# Kindle Fire durability



## tombielawski (Nov 25, 2011)

Ok, Im in the process of negotiations (with myself) over whether to upgrade from my K2 to the Touch or Fire. I know they are worlds apart. Battery life is probably my biggest hold back.

BUT.... how does the Fire hold up to bumps and scrapes? I'm a clutz. I bought that hard plastic shell from M-Edge for my K2 because I've dropped it a bunch. Are there any good sturdy cases for the Fire? 

If you've had an "oopsie" with yours, has Kindle customer service been helpful?

Thanks!!!


----------



## Betsy the Quilter (Oct 27, 2008)

I haven't seen any reports of anyone dropping theirs. There's always a square trade warranty. I'd recommend a good cover, the Fire seems sturdy enough, but a good cover would provide some shock absorption.

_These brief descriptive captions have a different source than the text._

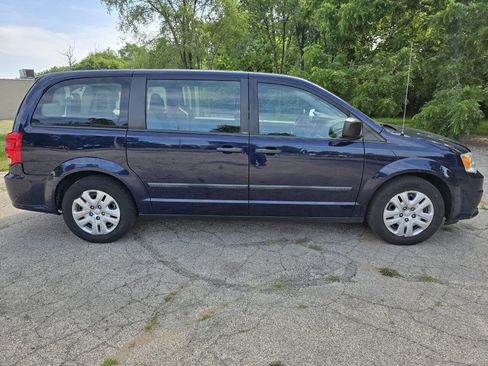 Used 2014 Dodge Grand Caravan American Value Package image 5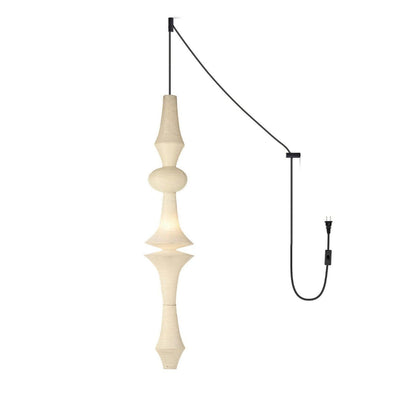 Akari-hanglamp - Japans design en moderne elegantie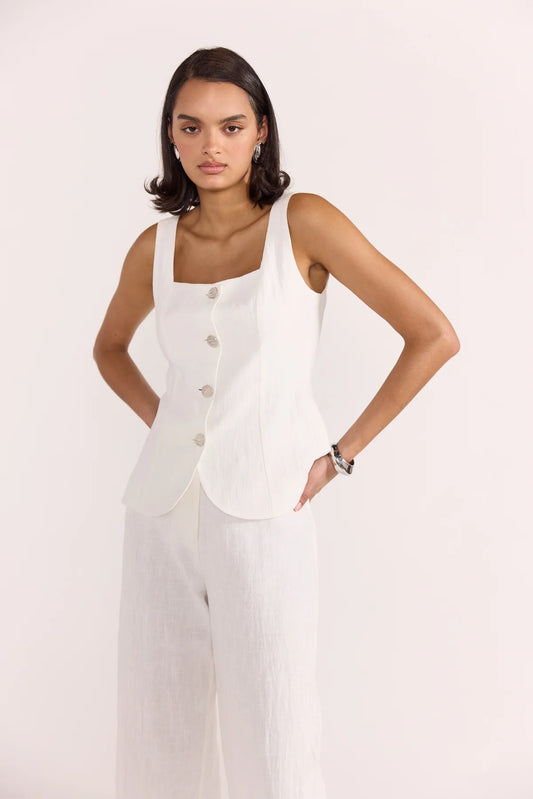 Eden Vest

Battery life compared to an eInk device is terrible, several hours vs several days or weeks. About what I expected for the device, however. I generally plug it in overnight.

Betsy

Sent from my Kindle Fire using Tapatalk


----------



## Ann in Arlington (Oct 27, 2008)

Concur with Betsy. . . .dropping is never going to be healthy for a device, so get a good case or cover. . .there are several available and more coming all the time.  And if you use it often, you'll probably need to charge it nearly every night.

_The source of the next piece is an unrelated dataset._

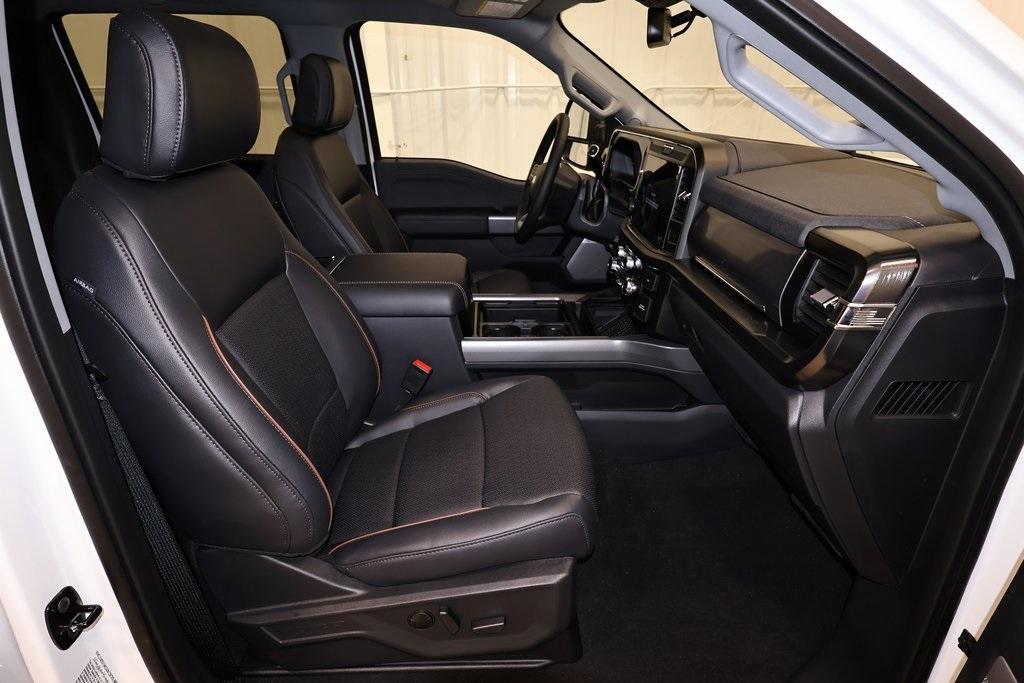 new 2026 Ford F-250 car, priced at $87,850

But also consider, if you're coming from eInk, that the Fire is NOT. . . .that's definitely a concern for some people.  There are alternate 'text color' options and the device can be dimmed -- there are even alternate typefaces available via the Fire Kindle 'app'. . . .but it is NOT eInk.


----------



## RDaneel54 (Sep 10, 2010)

If you want to know about the Kindle Fire's durability, here's a link to a drop and scratch test: http://blogkindle.com/tag/drop-test/

In addition to the blog entry, there is a YouTube video.

I would not recommend trying this on your own.


----------



## tombielawski (Nov 25, 2011)

RDaneel54 said:


> If you want to know about the Kindle Fire's durability, here's a link to a drop and scratch test: http://blogkindle.com/tag/drop-test/
> 
> In addition to the blog entry, there is a YouTube video.
> 
> I would not recommend trying this on your own.


Whoa! Thanks for that link. That is really cool! I'm impressed by the durability of the Gorilla Glass, that you can gouge it with a screwdriver. Alas, battery life is going to be the deal breaker. I just can't handle the idea of charging it every night. Kindle Touch wins.

Thanks for the information. You've helped me make my decision.


----------